- [Problem to work on] Return exactly the lines from the one containing "Looma Antifungal Barrier Cream" through the end of the material below, and leave the images out.

- [Stored data]
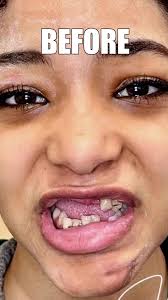 I will be showing this incredible cosmetic makeover I completed with Dr.  John Vargas in NY this Thursday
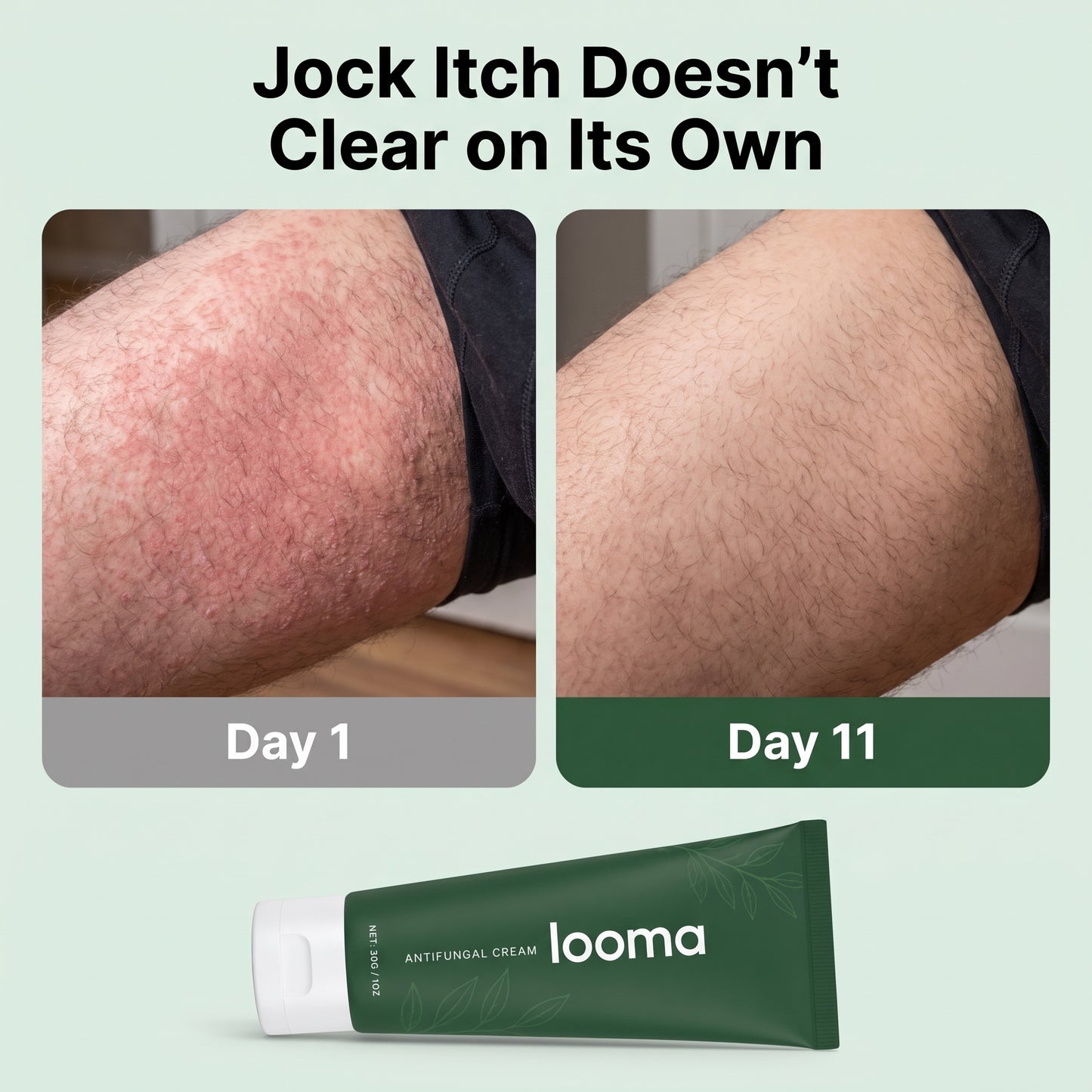Looma Antifungal Barrier Cream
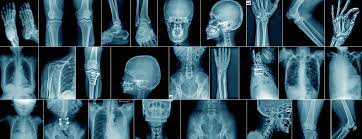 Experience the Best X-ray Services at Kothrud Hosp... main image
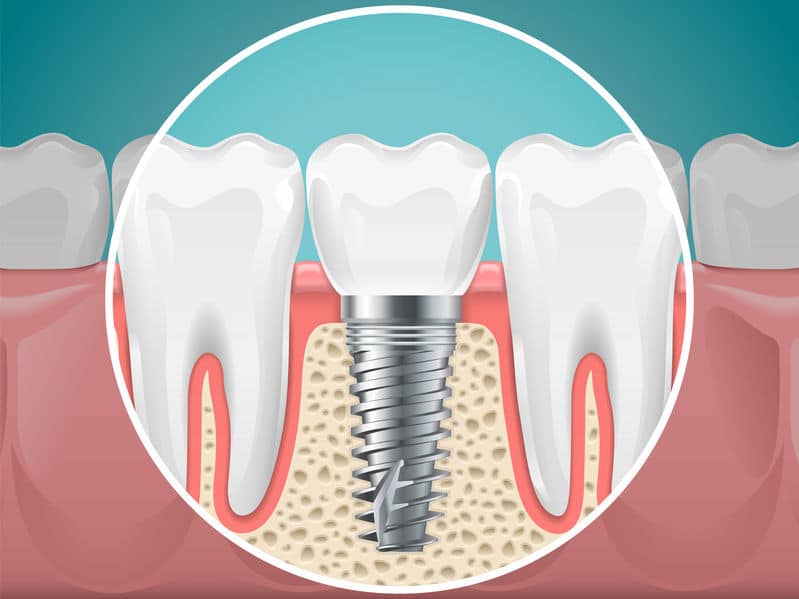 dental services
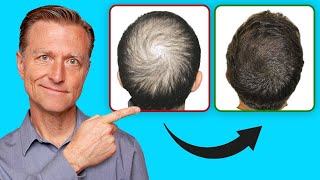 How to Help Regrow Your Hair UPDATED VITAL INFO [upl. by Ynaitirb]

- [Response to the task]
Looma Antifungal Barrier Cream
 Experience the Best X-ray Services at Kothrud Hosp... main image
 dental services
 How to Help Regrow Your Hair UPDATED VITAL INFO [upl. by Ynaitirb]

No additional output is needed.